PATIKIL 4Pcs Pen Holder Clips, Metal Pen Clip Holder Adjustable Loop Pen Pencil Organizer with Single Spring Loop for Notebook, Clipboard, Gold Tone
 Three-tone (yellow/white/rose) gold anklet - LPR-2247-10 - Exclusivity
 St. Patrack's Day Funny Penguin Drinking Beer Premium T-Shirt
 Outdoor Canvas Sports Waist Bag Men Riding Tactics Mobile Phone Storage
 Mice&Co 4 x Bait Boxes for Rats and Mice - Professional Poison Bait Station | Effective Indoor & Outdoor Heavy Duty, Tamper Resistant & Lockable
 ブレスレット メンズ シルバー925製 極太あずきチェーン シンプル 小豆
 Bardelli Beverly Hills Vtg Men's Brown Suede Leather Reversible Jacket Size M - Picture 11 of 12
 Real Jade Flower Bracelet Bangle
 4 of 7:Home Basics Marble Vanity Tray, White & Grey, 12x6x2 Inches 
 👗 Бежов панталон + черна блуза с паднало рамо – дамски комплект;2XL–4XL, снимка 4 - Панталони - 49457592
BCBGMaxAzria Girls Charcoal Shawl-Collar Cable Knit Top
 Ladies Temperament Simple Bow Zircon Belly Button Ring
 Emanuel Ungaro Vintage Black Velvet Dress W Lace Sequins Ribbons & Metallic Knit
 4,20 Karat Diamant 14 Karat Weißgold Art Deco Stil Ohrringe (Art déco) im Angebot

● **TRY IT**:
Search the listing for "Outdoor" and show every line where it occurs.

● **TASK RESULT**:
 Outdoor Canvas Sports Waist Bag Men Riding Tactics Mobile Phone Storage
 Mice&Co 4 x Bait Boxes for Rats and Mice - Professional Poison Bait Station | Effective Indoor & Outdoor Heavy Duty, Tamper Resistant & Lockable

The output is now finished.